Please help to find the angle

Hello, OnlyMath!

I did a lot of trig and came with a surprisingly simple answer.
I suspect that there is an elegant geometric solution . . . somewhere.

Quote:

$ABC$ is a triangle where the point $D$ is on $BC$
. . such that: . $\angle BAD = 60^o,\;\;\angle B=20^o,\;\' AB = CD$

Find $\angle C.$

Code:

B o * * * 20 * * * D a * 100 o * * 80 * a * 60 * x * * * @ * A o * * * * * * * o C

We have: . $\angle BAD = 60^o,\;\angle B = 20^o \quad\Rightarrow\quad \angle BDA = 100^o,\;\angle ADC = 80^o$

Let $a = AB = CD,\;x = AD,\;\theta = \angle C \quad\Rightarrow\quad \angle DAC = 100-\theta$

$\text{In }\Delta ABD\!:\;\dfrac{x}{\sin20^o} \:=\:\dfrac{a}{\sin100^o} \quad\Rightarrow\quad \dfrac{x}{a} \:=\:\dfrac{\sin20^o}{\sin100^o}$ .[1]
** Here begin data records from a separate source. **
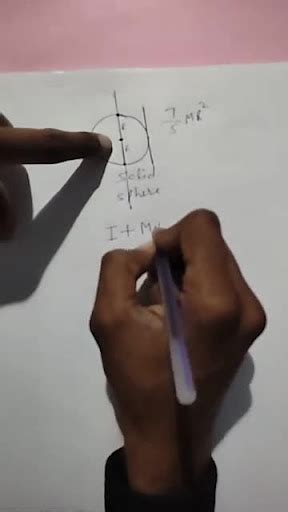 The Moment Of Inertia Of A Solid Sphere About A Tangent Is 57 Mr2 Find T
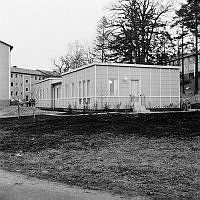 Nordingrågatan 22. Exteriör av ny barnträdgård (förskola).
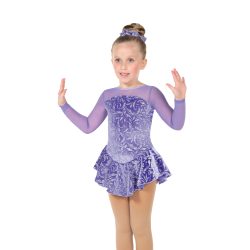 177 ice Whirl Dress: Crocus Purple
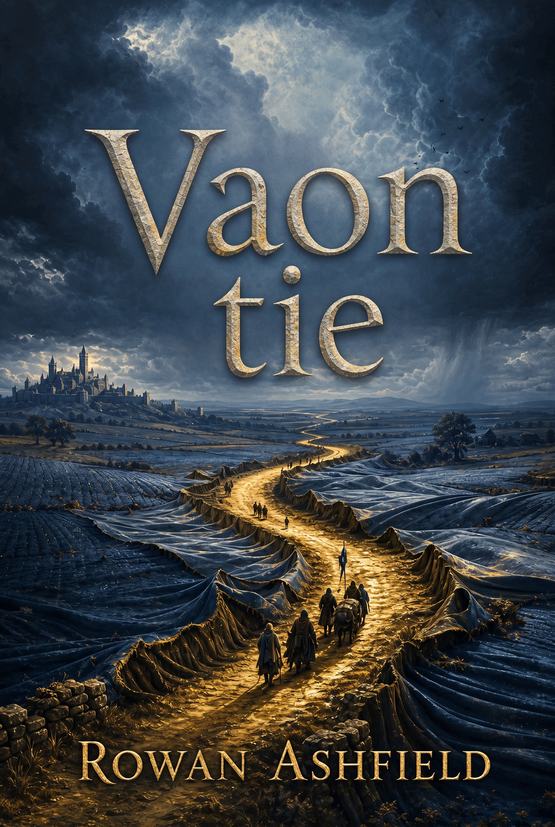 Kirjan ”Vaon tie” kansi, kirjoittaja Rowan Ashfield
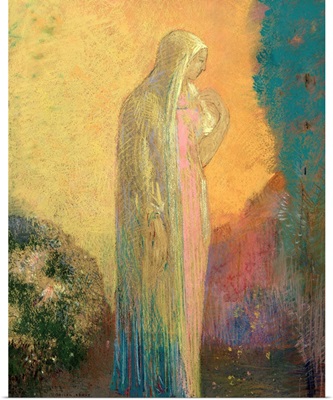 Standing Veiled Woman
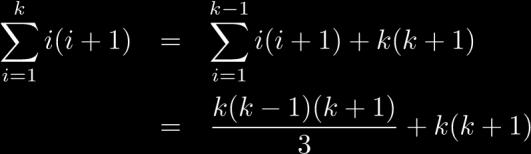 = (k + 1)(k + 2) 6 Prove por indução matemática que inteiros n 2 (a) Passo base: Para passo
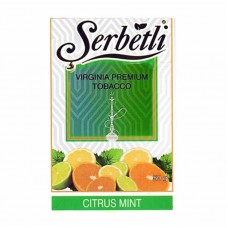 Тютюн Serbetli Citrus Mint 50 грам (цитрус із м'ятою)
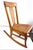 1900 - 1909 Antique Stomps-Burkhardt Maple Slipper Sewing Rocker With Caned Seat, Early 20th Century For Sale - Image 5 of 8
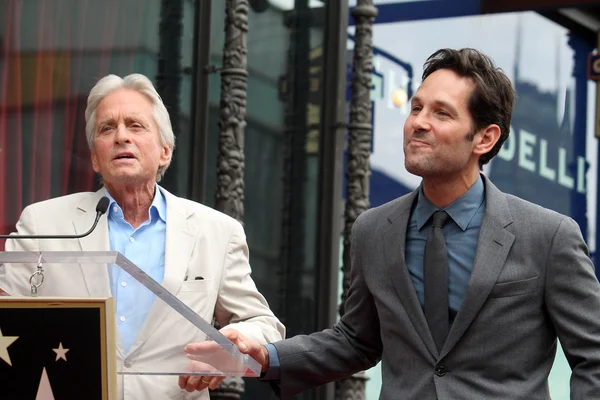 Michael Douglas, Paul Rudd — Stockfoto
$\text{In }\Delta ADC\!:\;\dfrac{x}{\sin\theta} \:=\:\dfrac{a}{\sin(100^o-\theta)} \quad\Rightarrow\quad \dfrac{x}{a} \:=\:\dfrac{\sin\theta}{\sin(100^o-\theta)}$ .[2]

Equate [1] and [2]:

. . $\dfrac{\sin20}{\sin100} \:=\:\dfrac{\sin\theta}{\sin(100-\theta)} \quad\Rightarrow\quad \sin20\sin(100-\theta) \;=\;\sin100\sin\theta<br />$

. . $\sin20\bigg(\sin100\cos\theta - \cos100\sin\theta\bigg) \;=\;\sin100\sin\theta$

. . $\sin20\sin100\cos\theta - \sin20\cos100\sin\theta \;=\;\sin100\sin\theta$

. . $\sin100\sin\theta + \sin20\cos100\sin\theta \;=\;\sin20\sin100\cos\theta$

. . $\bigg(\sin100 + \sin20\cos100\bigg)\sin\theta \;=\;\sin20\sin100\cos\theta$

. . . . . . . $\dfrac{\sin\theta}{\cos\theta} \;=\;\dfrac{\sin20\sin100}{\sin100 + \sin20\cos100}$

Therefore: . $\tan\theta \:=\:0.363970234 \quad\Rightarrow\quad \theta \:=\:20^o$

~ ~ ~ ~ ~ ~ ~ ~ ~ ~ ~ ~ ~ ~ ~ ~ ~ ~ ~ ~ ~ ~ ~ ~ ~ ~ ~ ~ ~ ~

Fascinating!

$\Delta ABC$ is isosceles: . $AB \,=\,AC\,=\,a$

Also, $\Delta ADC$ is isosceles: . $AC\,=\,CD\,=\,a$

Is there a more direct way to derive those facts?